IPCC Fourth Assessment Report: Climate Change 2007
Climate Change 2007: Working Group I: The Physical Science Basis

Temperature

Compared to National Centers for Environmental Prediction (NCEP) reanalyses, the MMD ensemble annual surface temperatures are in general slightly warmer in the Southern Ocean to the north of the sea ice region. The mean bias is predominantly less than 2°C (Carril et al., 2005), which may indicate a slight improvement compared to previous models due to better simulation of the position and depth of the Antarctic trough (Carril et al., 2005; Raphael and Holland, 2006). The temperature bias over sea ice is larger. Biases over the continent are several degrees where the model topography is erroneous (Turner et al., 2006). However, as emphasized above, the biases have to be viewed in the context of the uncertainty in the observations. Changes in cloud and radiation parametrizations have been shown to change the temperature simulation significantly (Hines et al., 2004). A lateral nudging of a stretched-grid GCM (imposing the correct synoptic cyclones from 60°S and lower latitudes) brings the model in better agreement with observations but significant biases remain (Genthon et al., 2002).

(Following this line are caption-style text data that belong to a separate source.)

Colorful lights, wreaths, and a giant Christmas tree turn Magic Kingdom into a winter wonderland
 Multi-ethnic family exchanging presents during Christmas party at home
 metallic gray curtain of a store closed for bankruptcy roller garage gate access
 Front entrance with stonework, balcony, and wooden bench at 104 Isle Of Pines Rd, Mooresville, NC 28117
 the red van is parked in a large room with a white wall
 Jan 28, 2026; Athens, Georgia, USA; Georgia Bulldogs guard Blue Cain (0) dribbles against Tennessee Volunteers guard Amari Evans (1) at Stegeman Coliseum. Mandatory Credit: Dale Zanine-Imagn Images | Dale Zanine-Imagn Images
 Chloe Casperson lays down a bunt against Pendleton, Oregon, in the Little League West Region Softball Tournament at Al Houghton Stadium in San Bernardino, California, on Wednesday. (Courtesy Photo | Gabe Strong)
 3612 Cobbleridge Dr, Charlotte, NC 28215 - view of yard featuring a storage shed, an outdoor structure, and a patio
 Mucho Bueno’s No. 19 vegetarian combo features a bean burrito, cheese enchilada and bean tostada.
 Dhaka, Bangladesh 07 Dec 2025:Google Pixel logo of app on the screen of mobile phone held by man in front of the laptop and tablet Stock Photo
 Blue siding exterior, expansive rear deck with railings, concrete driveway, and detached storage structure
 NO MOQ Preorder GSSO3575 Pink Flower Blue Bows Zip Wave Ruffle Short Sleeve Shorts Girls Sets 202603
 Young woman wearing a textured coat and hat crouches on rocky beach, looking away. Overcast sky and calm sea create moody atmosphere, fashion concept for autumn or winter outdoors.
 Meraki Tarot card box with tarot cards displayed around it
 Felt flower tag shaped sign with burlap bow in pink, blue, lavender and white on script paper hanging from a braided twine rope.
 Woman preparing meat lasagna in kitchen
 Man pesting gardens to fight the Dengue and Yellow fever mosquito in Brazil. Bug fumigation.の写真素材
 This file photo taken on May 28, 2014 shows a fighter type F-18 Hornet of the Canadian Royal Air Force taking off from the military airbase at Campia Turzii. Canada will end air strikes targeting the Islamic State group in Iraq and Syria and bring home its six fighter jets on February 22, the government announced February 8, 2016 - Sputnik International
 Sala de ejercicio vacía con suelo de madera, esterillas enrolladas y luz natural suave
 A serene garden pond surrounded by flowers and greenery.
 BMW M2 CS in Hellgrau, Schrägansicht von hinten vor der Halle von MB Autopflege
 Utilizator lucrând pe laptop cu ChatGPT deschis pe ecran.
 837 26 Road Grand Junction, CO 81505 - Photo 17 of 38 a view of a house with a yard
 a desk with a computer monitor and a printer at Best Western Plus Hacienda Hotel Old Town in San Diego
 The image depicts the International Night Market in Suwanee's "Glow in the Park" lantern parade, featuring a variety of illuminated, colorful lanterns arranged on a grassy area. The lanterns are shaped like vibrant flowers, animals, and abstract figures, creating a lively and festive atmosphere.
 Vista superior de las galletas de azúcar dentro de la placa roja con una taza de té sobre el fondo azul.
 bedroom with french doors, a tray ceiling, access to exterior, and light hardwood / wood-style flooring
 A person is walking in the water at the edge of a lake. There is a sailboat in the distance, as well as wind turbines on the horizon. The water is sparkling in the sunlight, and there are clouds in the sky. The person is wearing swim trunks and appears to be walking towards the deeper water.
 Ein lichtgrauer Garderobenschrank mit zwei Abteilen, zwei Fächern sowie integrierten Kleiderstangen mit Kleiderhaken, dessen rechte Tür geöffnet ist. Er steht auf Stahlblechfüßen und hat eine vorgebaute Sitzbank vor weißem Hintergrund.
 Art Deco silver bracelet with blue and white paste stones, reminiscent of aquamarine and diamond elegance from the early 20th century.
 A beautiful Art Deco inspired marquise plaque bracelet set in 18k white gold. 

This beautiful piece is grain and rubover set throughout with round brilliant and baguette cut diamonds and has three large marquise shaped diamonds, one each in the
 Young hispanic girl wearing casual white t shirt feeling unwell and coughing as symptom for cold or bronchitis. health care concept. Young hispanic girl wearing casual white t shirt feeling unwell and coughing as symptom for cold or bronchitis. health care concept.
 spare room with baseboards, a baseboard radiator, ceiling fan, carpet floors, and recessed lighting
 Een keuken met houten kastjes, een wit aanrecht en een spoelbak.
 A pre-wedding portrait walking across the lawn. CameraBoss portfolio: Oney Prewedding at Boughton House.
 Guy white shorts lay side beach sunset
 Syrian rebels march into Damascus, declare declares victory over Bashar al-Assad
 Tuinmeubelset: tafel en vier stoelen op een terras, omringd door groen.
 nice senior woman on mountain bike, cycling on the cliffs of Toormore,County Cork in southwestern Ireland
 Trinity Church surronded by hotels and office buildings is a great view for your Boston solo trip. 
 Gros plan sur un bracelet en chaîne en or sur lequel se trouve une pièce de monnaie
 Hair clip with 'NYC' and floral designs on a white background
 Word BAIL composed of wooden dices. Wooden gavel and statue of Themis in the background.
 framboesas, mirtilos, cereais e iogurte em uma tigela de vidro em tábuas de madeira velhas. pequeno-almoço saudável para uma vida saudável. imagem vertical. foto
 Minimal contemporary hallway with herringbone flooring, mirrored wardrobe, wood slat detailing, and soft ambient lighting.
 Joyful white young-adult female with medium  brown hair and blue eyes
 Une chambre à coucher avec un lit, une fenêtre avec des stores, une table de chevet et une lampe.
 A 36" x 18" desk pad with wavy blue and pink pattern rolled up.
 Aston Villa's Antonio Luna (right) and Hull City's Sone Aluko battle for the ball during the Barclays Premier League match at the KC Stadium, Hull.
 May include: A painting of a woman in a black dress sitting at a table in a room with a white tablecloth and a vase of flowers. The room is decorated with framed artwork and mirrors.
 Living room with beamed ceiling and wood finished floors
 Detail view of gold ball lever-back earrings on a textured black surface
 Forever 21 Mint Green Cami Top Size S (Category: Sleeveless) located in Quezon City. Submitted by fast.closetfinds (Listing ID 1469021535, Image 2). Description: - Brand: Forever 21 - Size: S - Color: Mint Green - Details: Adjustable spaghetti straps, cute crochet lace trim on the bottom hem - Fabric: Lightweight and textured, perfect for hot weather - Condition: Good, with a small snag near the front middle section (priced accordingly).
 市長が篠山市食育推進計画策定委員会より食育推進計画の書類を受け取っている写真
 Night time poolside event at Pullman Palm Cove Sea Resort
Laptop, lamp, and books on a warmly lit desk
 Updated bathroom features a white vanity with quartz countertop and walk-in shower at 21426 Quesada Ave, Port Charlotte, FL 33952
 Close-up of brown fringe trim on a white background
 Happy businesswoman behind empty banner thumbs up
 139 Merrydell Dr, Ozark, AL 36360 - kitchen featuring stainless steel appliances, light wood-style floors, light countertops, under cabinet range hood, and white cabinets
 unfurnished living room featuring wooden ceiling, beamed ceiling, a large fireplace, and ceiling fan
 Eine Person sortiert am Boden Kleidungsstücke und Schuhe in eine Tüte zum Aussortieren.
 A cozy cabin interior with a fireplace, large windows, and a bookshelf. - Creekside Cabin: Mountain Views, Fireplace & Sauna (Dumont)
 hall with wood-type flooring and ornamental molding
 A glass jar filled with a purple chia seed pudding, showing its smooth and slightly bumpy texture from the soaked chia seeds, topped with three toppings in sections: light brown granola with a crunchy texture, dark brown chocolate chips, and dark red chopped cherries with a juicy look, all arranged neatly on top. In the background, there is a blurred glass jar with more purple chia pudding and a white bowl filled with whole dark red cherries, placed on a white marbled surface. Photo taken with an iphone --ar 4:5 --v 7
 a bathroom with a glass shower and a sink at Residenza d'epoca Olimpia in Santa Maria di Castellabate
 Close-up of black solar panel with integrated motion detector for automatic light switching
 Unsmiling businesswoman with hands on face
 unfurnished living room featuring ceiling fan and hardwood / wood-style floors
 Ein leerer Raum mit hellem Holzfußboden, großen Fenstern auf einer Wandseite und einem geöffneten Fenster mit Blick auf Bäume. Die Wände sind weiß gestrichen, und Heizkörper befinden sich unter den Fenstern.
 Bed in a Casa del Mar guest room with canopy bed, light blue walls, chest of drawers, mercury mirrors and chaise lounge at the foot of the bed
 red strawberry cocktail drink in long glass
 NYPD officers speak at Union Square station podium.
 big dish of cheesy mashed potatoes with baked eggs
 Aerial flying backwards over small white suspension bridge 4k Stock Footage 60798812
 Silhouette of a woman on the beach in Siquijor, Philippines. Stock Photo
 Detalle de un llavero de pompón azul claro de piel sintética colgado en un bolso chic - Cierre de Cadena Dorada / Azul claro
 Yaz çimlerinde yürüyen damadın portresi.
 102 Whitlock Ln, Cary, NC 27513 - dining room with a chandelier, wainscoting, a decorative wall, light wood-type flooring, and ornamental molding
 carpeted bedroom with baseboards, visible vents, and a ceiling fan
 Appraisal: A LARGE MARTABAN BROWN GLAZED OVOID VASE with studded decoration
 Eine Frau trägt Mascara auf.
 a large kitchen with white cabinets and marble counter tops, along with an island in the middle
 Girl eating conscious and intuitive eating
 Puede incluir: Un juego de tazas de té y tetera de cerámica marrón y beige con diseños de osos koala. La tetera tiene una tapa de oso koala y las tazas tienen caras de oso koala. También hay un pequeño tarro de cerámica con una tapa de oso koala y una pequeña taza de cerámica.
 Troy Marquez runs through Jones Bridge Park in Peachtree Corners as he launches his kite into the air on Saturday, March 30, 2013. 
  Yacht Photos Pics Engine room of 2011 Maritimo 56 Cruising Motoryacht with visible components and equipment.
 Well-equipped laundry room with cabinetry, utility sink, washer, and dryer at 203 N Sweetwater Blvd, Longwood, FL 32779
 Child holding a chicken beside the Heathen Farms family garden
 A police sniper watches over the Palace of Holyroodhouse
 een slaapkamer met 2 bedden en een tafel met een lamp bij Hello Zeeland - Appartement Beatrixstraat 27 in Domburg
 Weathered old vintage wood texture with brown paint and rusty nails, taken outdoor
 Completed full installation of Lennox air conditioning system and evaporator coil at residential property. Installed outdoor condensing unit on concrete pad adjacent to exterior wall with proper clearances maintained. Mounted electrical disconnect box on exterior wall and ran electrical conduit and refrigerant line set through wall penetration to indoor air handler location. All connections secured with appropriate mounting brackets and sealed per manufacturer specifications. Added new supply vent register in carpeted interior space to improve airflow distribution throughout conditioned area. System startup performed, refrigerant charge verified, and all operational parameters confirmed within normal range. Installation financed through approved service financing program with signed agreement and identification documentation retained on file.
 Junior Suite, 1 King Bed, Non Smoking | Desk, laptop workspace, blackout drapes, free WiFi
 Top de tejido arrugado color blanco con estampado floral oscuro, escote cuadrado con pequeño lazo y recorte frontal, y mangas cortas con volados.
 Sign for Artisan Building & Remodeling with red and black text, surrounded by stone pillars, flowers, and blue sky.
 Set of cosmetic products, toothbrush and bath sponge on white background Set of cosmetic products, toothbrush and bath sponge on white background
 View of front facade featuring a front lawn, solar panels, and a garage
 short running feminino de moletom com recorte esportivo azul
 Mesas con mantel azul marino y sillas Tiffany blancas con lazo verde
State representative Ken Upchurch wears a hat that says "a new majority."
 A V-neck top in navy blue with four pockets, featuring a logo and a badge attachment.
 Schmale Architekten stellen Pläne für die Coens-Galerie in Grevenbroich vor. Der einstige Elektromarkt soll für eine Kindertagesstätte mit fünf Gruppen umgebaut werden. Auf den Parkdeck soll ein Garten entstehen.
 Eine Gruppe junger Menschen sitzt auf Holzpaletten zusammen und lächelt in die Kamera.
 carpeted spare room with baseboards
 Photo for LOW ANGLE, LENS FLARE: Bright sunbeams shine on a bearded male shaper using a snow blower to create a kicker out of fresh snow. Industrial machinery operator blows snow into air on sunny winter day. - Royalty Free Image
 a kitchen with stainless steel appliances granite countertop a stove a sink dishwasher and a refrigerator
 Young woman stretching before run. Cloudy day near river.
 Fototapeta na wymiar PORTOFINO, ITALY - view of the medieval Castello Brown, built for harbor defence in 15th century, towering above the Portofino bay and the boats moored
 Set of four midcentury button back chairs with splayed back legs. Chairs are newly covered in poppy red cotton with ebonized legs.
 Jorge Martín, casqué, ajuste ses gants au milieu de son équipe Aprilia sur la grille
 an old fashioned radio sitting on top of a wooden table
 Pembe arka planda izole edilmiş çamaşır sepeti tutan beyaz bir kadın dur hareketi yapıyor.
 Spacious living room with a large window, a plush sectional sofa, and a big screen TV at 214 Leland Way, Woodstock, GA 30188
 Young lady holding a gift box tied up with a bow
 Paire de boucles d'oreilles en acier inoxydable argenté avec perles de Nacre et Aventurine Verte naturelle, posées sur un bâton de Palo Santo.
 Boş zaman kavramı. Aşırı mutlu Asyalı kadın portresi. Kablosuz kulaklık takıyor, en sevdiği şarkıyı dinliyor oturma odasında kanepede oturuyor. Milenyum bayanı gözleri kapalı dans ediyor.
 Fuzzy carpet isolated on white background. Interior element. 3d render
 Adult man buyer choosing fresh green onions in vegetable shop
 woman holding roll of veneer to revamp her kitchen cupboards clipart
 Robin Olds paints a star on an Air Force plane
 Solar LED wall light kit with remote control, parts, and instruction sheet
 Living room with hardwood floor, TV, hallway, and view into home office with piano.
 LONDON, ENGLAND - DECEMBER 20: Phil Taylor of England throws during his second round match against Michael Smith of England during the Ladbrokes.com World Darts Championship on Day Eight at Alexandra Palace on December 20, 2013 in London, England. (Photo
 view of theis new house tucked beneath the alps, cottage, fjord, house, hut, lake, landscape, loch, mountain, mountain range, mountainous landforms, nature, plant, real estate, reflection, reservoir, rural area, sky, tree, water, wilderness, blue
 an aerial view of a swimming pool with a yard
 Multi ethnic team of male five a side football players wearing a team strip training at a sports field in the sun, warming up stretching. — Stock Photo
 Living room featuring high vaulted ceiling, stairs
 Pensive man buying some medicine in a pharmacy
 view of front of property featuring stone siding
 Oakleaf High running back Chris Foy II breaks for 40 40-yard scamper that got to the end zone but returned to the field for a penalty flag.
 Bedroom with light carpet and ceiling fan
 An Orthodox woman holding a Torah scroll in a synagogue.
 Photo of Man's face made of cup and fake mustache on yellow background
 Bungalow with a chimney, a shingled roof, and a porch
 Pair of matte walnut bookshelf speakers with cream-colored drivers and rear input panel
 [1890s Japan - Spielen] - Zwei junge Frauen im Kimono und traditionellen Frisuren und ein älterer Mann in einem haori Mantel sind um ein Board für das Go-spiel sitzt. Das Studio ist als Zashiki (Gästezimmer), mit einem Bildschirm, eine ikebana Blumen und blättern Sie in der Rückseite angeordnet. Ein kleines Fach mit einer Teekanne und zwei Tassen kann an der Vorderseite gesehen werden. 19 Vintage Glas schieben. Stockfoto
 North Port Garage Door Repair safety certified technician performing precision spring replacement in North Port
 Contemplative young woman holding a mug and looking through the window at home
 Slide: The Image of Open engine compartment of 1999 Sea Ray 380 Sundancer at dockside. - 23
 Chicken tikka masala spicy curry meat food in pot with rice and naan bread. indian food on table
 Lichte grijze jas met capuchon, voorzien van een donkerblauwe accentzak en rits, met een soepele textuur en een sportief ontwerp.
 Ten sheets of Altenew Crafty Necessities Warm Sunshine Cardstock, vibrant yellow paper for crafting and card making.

The spread in the individual MMD-simulated patterns of surface temperature trends over the past 50 years is very large, but in contrast to previous models, the multi-model composite of the MMD models qualitatively captures the observed enhanced warming trend over the Antarctic Peninsula (Chapman and Walsh, 2006). The general improvements in resolution, sea ice models and cloud-radiation packages have evidently contributed to improved simulations. The ensemble-mean temperature trends show similarity to the observed spatial pattern of the warming, for both annual and seasonal trends. For the annual trend, this includes the warming of the peninsula and near-coastal Antarctica and neutral or slight cooling over the sea-ice covered regions of the Southern Ocean. While the large spread among the models is not encouraging, this level of agreement suggests that some confidence in the ensemble mean 21st-century projection is appropriate.